Why is it you never notice how loud a clock ticks until you are focused on the sound?
After reading a few chapters of a book I’ve been working on, I decided to take a lap through the blog world to see if inspiration would strike for a post tonight. As I scrolled through different pieces that other writers have written, I noticed that I wasn’t actively interested in anything I was scrolling past. Instead, my mind was completely blank. All of a sudden the clock on my bedroom wall seemed to be incredibly loud. Like, how can I realistically be expected to concentrate on anything else, loud.

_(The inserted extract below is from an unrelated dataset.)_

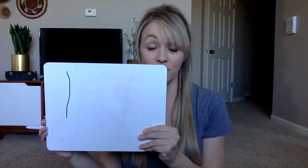My Turn. Line. Now you try drawing a line. My Turn. Horizontal Line. You try drawing a horizontal line.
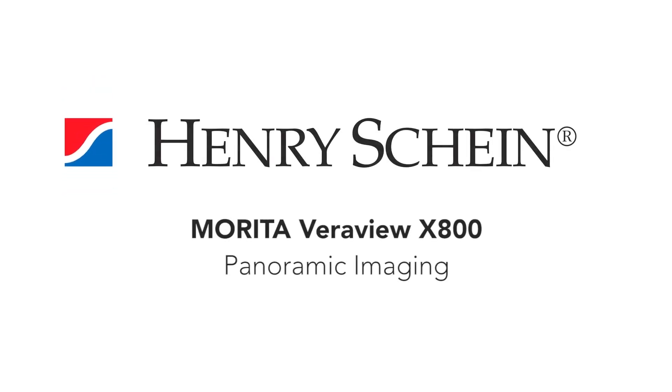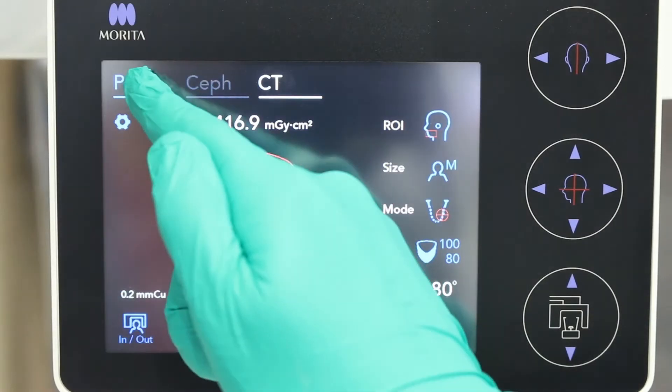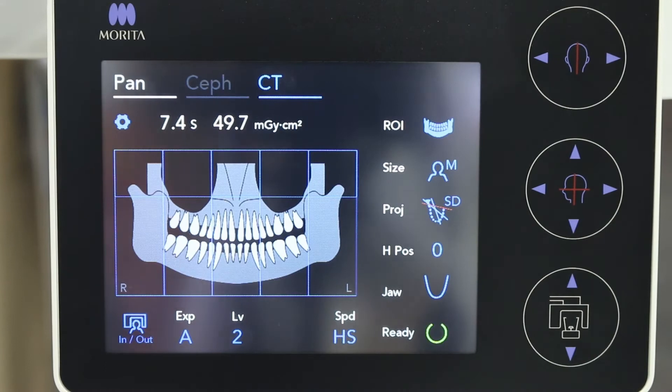Acquiring a high resolution panoramic image with the Veriview X800 is a simple procedure. First, select the pan on the touchscreen control panel.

It’s like when you take those Facebook tests where they have you read a list of things, then somewhere on the list they point out that you missed a number. You go back and check and sure enough, somehow your brain decided that keeping register of the numbered items was not as important as the message the post was trying to deliver so it omitted it from relevancy.
It’s funny the way the brain auto sorts through the factors of our surroundings and prioritizes what we need to register and what can be reduced or removed from consciousness without us ever really noticing.
How many times does this happen in our everyday life though? Is this why, until something major happens, we never notice the signs that it is on the horizon? It’s always after a tragedy that the neighbors recall the troubled boy who seemed to be acting suspiciously.
What signs might we be missing that we don’t even recognize as signs?
Some thing as innocuous as a clock tick ticking isn’t major but how many major things do we block out without even noticing?
How much does the brain unconsciously drown out every day?